US FY2025 Budget contains international tax proposals, mainly stemming from prior budgets

  • The international tax proposals outlined in the Biden Administration's FY 2025 Budget largely echo those included in the FY 2024 budget.
  • Although the likelihood of these proposals being enacted is low, taxpayers should familiarize themselves with them as they may resurface as revenue offsets in future legislation.
 

In its FY 2025 explanation of the Biden Administration's revenue proposals issued on March 11, 2024 (Green Book), the United States (US) Treasury explains several international tax proposals in the administration's FY 2025 budget (Budget). Most proposals presented in this year's Budget appeared in the FY 2024 budget.

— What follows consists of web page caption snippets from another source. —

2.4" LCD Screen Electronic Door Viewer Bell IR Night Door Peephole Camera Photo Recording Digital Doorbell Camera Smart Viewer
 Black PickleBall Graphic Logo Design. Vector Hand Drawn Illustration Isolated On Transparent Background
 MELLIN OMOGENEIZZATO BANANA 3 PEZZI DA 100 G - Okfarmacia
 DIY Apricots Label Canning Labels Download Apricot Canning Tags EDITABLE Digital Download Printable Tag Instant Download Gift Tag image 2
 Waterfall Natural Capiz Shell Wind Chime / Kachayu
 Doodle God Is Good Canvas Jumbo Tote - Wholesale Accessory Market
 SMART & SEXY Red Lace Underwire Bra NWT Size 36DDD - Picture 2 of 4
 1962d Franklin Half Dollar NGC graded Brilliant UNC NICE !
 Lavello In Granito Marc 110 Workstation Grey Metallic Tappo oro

The international tax proposals would:

  • Raise the corporate income tax rate to 28% and limit the IRC Section 250 deduction to 25%, thereby raising the effective rate on global intangible low-taxed income (GILTI) to 21%
  • Modify the GILTI regime to align with the global minimum tax rules under Pillar Two of the Base Erosion and Profit Shifting initiative of the Organisation for Economic Co-operation and Development (OECD)
  • Replace the Base Erosion Anti-abuse Tax (BEAT) with an "undertaxed profits rule" (UTPR) that is consistent with the UTPR in the Pillar Two rules
  • Repeal the deduction for foreign-derived intangible income (FDII)
  • Create a new general business credit equal to 10% of eligible expenses incurred when onshoring a trade or business to the United States
  • Disallow deductions for expenses incurred when moving a US trade or business offshore
  • Create a second type of US shareholder to include in income amounts determined with respect to non-taxed dividends distributed by a controlled foreign corporation (CFC)
  • Eliminate the "one-month deferral election" for CFCs, mandating the use of the same tax year for the CFC and its majority US shareholder
  • Limit foreign tax credits (FTCs) on sales of hybrid entities
  • Restrict deductions of excess interest expenses of members of a financial reporting group
  • Revise the scope of the portfolio interest exclusion for 10% shareholders
  • Modify the treatment of certain derivative transactions for foreign investors
  • Permit taxpayers to retroactively elect, in certain circumstances, to treat a passive foreign investment company (PFIC) as a qualified electing fund (QEF) without IRS consent
  • Require IRC Section 6038 reporting for each foreign "taxable unit"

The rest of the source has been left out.